I was driving to an out of town gig last night and I was thinking. I do a lot of thinking while driving alone. It’s my favorite time to be alone. Anyway, I was thinking about how happy I was feeling right at that moment. I was listening to good music cranked up really loud, enjoying the lovely countryside, and then this popped into my head, “I let an almost stranger tie me up, fuck me and beat me on a semi-regular basis.” Just thinking about it that way made me feel happy and free. Nobody else in my public life knows what I do for fun. They have no idea what is putting this smile on my face.

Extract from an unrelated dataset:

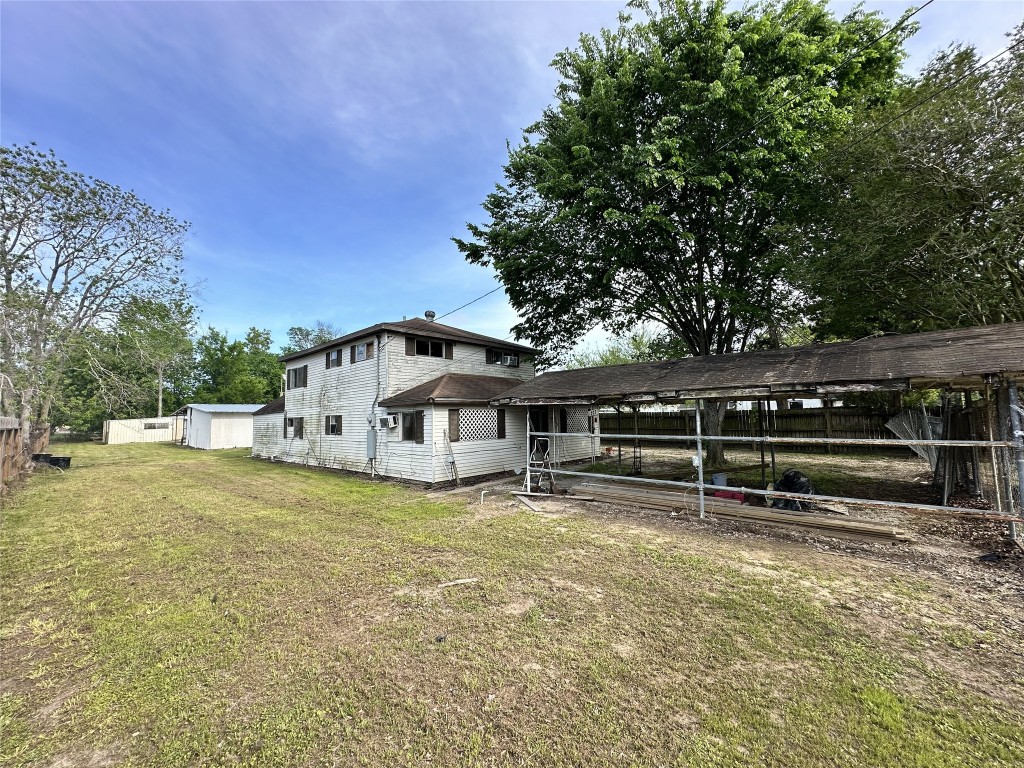 207 South 5th Street Highlands, TX 77562 - Photo 4 of 15 a view of a house with a yard and sitting area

The gig last night was for a banquet for some group of catholics. I knew they were catholic because there were nuns and priests everywhere and the speaker was introduced as archbishop so-and-so. I knew ahead of time that it would be a very conservative group so I wore my lowest cut black shirt (we always have to wear all black for gigs….depressing). Nice cleavage and tight fitting in the right places, while still being just modest enough to get away with it.

I have never felt so out of place in my life. It wasn’t uncomfortable in the sense that I felt threatened or anything. I just realized that probably everyone there lives a shell of a life with no pleasure at all involved (except for whatever pleasure can be gained from actually believing in a religion, etc.). It made me very thankful for my life and what I have accomplished both in my career and in my private life.